Friday, October 17, 2008
Whether or not to breastfeed was never really a decision I had to make. I always knew that I would. My mother breastfed me and my sisters; to me, it just seemed natural. Which is why, I guess, it was so surprising and frustrating when it wasn't quite that easy.
Before O was born, I thought breastfeeding would be this wonderful experience. It's all natural, it's how our bodies were built - it should be a breeze, right? Not exactly. In the hospital, the first time I tried to feed O, nothing seemed to work right. No milk (which is normal), O didn't seem to "root", I couldn't quite figure out how to hold my boob, and my nipples took one look at that gaping mouth and said NO WAY. Two meetings with a lactation consultant later, and we were using a nipple shield. Not that that solved all our problems - that thing presents a plethora of problems all on its own.
Then there was the issue of O not wanting to wake up every 2 - 4 hours to eat. He was tired after 44 hours of labor - and so was I!
Once we got home and my milk came in, we continued to struggle with the shield. It was near impossible to get it on properly while juggling a screaming, hungry newborn. Then, if he would stop eating at any point, the shield would simply continue to fill up with milk and leak. And on the really fun days, O would pull it off and spill milk everywhere.
Then, when O was about 3 weeks old, suddenly he had terrible colicky behavior. The nurses hotline and doctor brushed it off, telling us he probably had colic, and we'd just have to wait it for - for the next 5 months. We knew that there had to be another explanation - in addition to the yelling, screaming, and literally no sleeping, O would writhe in pain and be unable to pass gas or have a bowel movement. There was something going on in there.
We read every article we could find, and we found that one of the biggest offenders is milk - not my breastmilk, but the dairy I was eating and passing on to O via my milk. Babies cannot digest the milk proteins (caseins) in milk, which is why they cannot have cows milk until they are a year old. Some babies are sensitive to what their mothers eat. While the pediatrician continued to tell us there was no way what I was eating could possibly affect O, we eliminated dairy from my diet and voila - instant improvement. Literally overnight, the problem got immensely better. We added probiotics to his diet, and those helped even more. I was off dairy for about 4 months, which was HARD (I LOVE dairy!), but so obviously well worth it, it wasn't even worth the discussion.
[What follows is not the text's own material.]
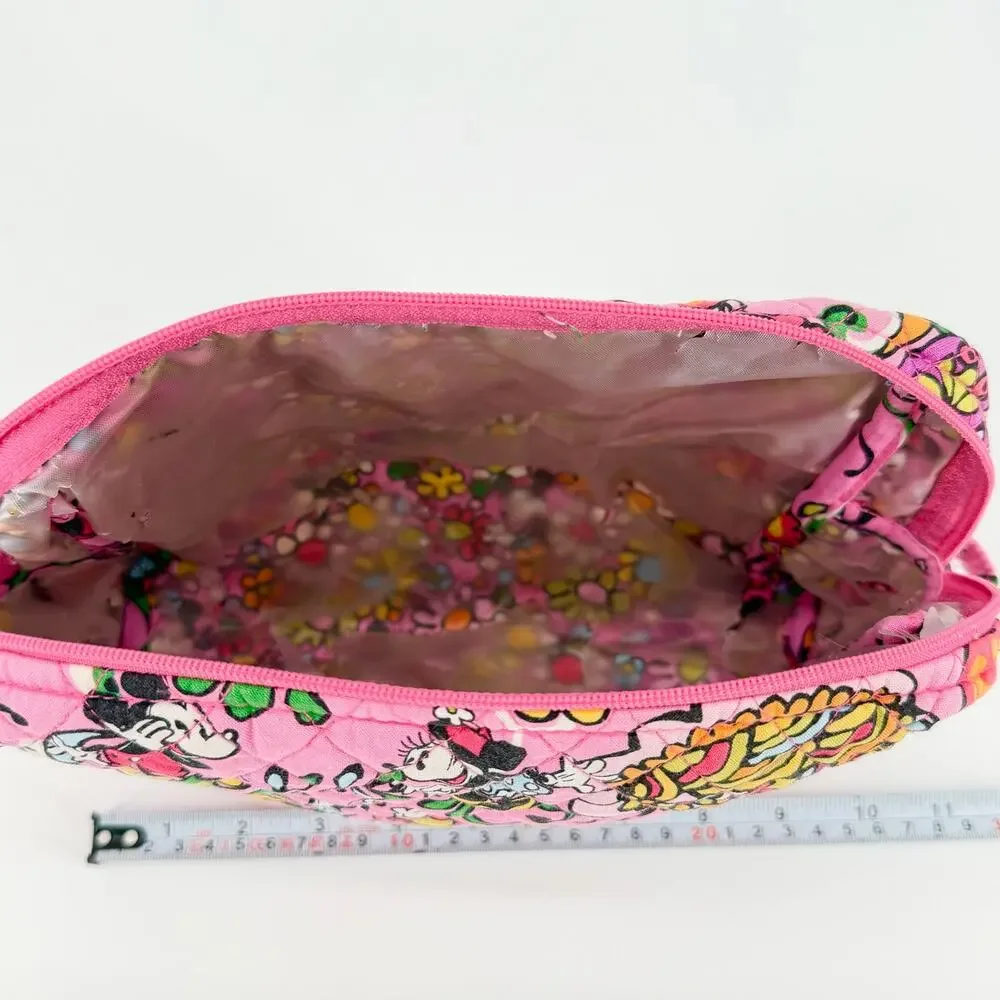 Vera Bradley Disney Just Mousing Around Large Cosmetic Makeup Bag Retired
Then there was the clogged duct. Lucky for me, this only occurred once, and didn't get infected. Imagine being engorged and not being able to get any relief - for days.
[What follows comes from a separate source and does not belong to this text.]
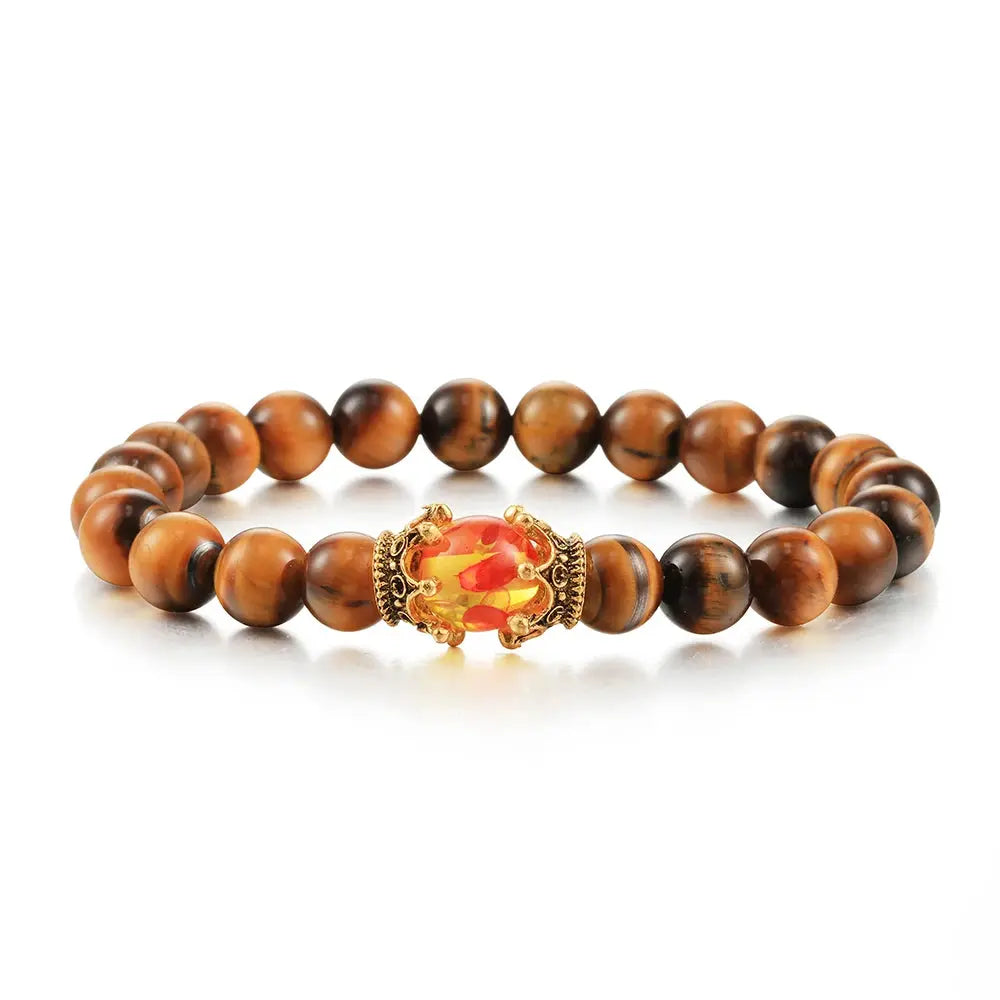 Bracelet en perles pour homme ¦ Modèle #Power - La Maison du bracelet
Eventually though, we got the hang of it. It took us a good 3 months to completely get rid of the shield. It was liberating when I did. I was finally able to eat dairy again, and as O approaches his first year, he seems to be able to tolerate it as well. We continue to use the probiotics.
O gave up bottles at 7 months, and gets most of his milk through a sippy cup these days. We still have our night time routine of nursing, however. Some days, my mind ticks through all the things I need to get done before the day is over, and I wish he would hurry up and finish. But I have to continue to remind myself that this time will be over soon, and it won't be too long until O doesn't want to sit and cuddle in my lap before bed. I try to remember to enjoy that time.
I am so glad I breastfed. It wasn't always easy (the biggest plus side was having food whenever we left the house, no matter what!), but I don't think it is supposed to be. It can be a bonding experience. It's a gift I gave O for his first year of life.
Tuesday, September 23, 2008
There has been a flurry of activity on the boards of women with babies less than 1 year old who are pregnant again. And happy about it. One woman actually just gave birth; her other child is not yet 1 year old.
I am curious, very, very curious, as to what makes one so ready to go again. Their babies must be incredible sleepers. Their babies must be able to entertain themselves. Their babies must have adhered to a schedule very early on, and must be very easy going about changes to their schedule now. Otherwise, how can you do it? Why would you want to do it?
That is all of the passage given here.